Tambah Saham Lewat Rights Issue, AirAsia Minta Suspend Ditangguhkan
PT AirAsia Indonesia Tbk (CMPP) membantah akan kembali menjual sahamnya ke publik dalam waktu dekat untuk memenuhi ketentuan minimum saham beredar (free float) sebesar 7,5%. Proses penambahan saham publik dilaksanakan melalui penambahan modal dengan Hak Memesan Efek Terlebih Dahulu (HMETD) atau rights issue yang dimulai sejak Juli lalu.

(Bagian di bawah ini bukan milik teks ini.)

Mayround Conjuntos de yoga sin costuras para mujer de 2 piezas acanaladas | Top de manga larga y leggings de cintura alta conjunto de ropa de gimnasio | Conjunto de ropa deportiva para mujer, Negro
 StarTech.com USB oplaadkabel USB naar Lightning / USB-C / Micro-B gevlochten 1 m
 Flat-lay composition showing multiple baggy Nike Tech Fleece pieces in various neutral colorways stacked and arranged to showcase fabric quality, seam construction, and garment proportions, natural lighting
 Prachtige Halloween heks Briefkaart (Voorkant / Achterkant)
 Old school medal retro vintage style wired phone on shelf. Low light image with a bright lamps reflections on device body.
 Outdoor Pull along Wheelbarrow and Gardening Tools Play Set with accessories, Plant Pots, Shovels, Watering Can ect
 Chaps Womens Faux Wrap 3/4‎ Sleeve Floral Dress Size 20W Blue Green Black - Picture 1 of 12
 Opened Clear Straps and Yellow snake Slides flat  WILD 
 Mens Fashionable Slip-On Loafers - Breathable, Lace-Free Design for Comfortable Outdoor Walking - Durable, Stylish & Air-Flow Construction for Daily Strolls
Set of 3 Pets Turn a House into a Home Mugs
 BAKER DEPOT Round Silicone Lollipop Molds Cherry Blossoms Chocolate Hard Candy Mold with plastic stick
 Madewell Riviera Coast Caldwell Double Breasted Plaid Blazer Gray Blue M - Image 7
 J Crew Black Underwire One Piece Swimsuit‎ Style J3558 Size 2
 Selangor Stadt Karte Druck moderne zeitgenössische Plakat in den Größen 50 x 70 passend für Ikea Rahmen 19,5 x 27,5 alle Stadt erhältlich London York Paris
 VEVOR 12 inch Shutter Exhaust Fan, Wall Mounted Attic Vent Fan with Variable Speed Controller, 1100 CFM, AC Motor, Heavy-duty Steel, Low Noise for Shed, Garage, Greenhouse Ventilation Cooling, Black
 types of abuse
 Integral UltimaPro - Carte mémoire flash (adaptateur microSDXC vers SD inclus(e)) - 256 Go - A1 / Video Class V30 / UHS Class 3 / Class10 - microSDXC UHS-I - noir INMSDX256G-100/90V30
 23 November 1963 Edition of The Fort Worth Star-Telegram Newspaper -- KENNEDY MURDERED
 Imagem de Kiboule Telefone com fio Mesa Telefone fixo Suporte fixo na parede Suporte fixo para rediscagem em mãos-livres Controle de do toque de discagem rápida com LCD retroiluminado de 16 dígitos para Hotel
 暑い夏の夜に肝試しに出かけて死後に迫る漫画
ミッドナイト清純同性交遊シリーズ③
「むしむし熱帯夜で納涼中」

Hal tersebut disampaikan manajemen AirAsia Indonesia kepada Bursa Efek Indonesia (BEI) melalui surat bernomor S-04535/BEI.PP3/08-2019 pada 6 Agustus 2019. "Perseroan juga telah mengirimkan rencana untuk melaksanakan HMETD pada 24 Juli dengan melampirkan timeline proses penambahan modal dengan HMETD," kata Head of Corporate Secretary AirAsia Indonesia, Indah Permatasari Saugi, Kamis (8/8).
(Baca: Belum Penuhi Porsi Saham Publik Minimal, BEI Suspensi AirAsia)
Penambahan modal dengan HMETD membutuhkan tahapan dan waktu tertentu mengingat perusahaan harus melaksanakan legal due diligence dan menyelesaikan laporan keuangan yang sudah diaudit untuk kuartal II 2019. Selain itu, perlu dilakukan penilaian oleh penilai independen (pihak eksternal) dengan tetap memperhatikan peraturan pasar modal.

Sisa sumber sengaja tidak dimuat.